The world remembers with some degree of nostalgia the music festival at Woodstock, NY, in August of 1969. Granted, there were a lot of filthy lice-ridden hippies cavorting in the muck and mire of the joint. That alone was a public health issue. But apparently there was also some interesting music, if you go in for that sort of thing.

The previous year, 1968, had been tumultuous and the assassinations of Martin Luther King and Robert Kennedy captured the headlines. Republican Richard Nixon had been elected president after the Democrats had let their youth wing get a tad out of hand and the Chicago Police showed the tikes the error of their ways.

In 1969 itself men landed on the moon, the Mets won the World Series, and many of us were attending elementary school. This was all happening in the middle of the Hong Kong flu, a deadly global pandemic that killed over a million people. However, calmer heads prevailed in those days and sports, shopping, schools, social activities, and normal life went on as usual. People just took common sense precautions and went on with their lives. Sadly today, this has not been the case.

This H3N2 strain of influenza A was first spotted in Hong Kong in July of 1968. By the fall the Hong Kong flu had reached India, Australia, and Europe.

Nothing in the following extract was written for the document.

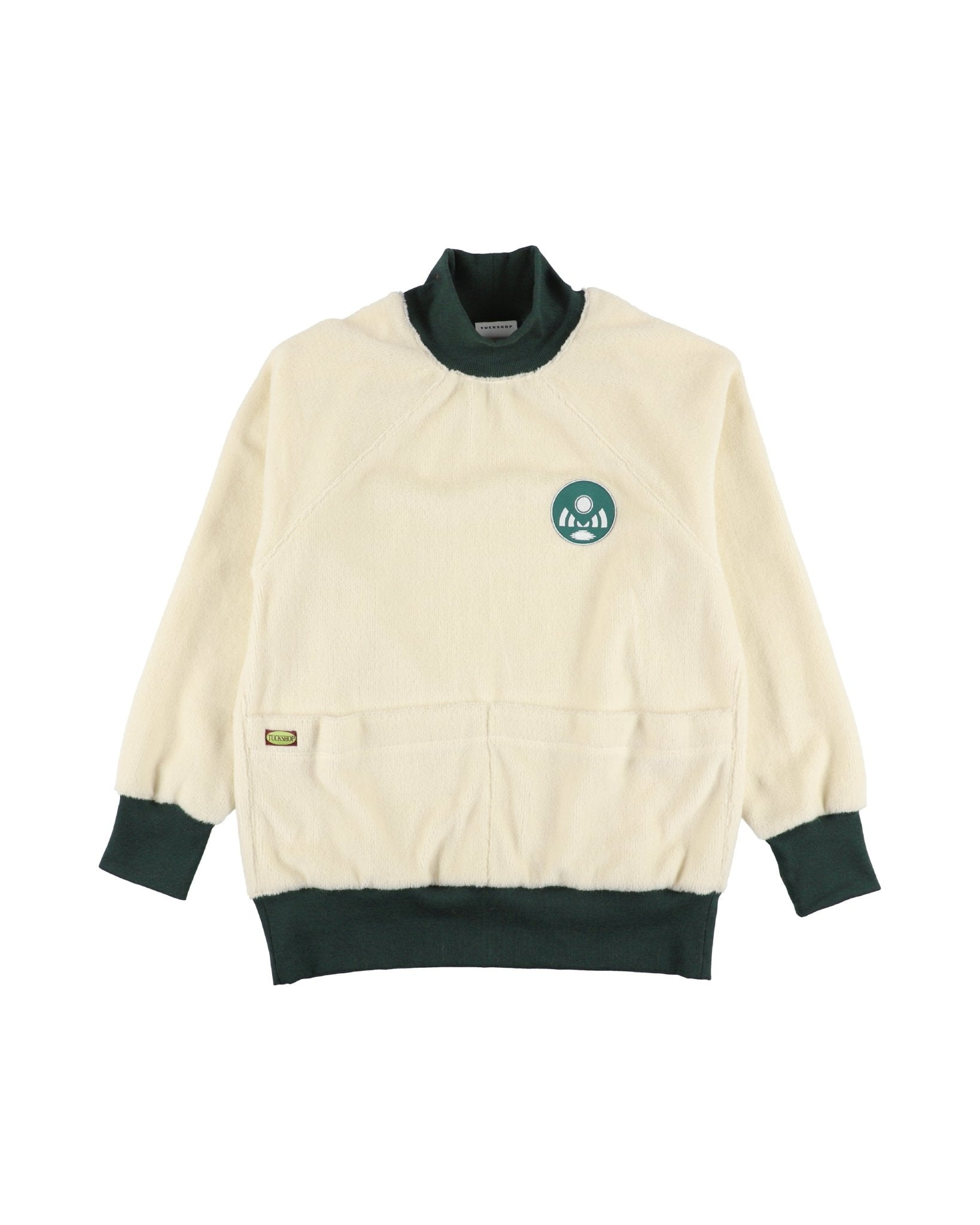 MCMC PULLOVER - TUCKSHOP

The worldwide peak hit as it reached the U.S. in December of 1968. It was fought with the medical technology of over fifty years ago. Neither Apollo 8 nor Christmas were cancelled.

It returned in the 1969-1970 flu season worse than ever. Nothing was closed or shut down because of it and, as noted before, hippies rutted in the mud of Woodstock, oblivious to the pandemic. Remember all those news reports about young people dying, because of the very close proximity and sparse hand washing at Woodstock? That is unlikely, because it never happened.

The point is not that common sense precautions were then, and are now, bad ideas. It is that our parents, and in some cases grandparents, knew how to deal with crisis and challenge without falling apart, reaching for the smelling salts, and then spending trillions of dollars in a panic borne of a mass hysteria not confirmed by hard data. It is a particular talent we have lost.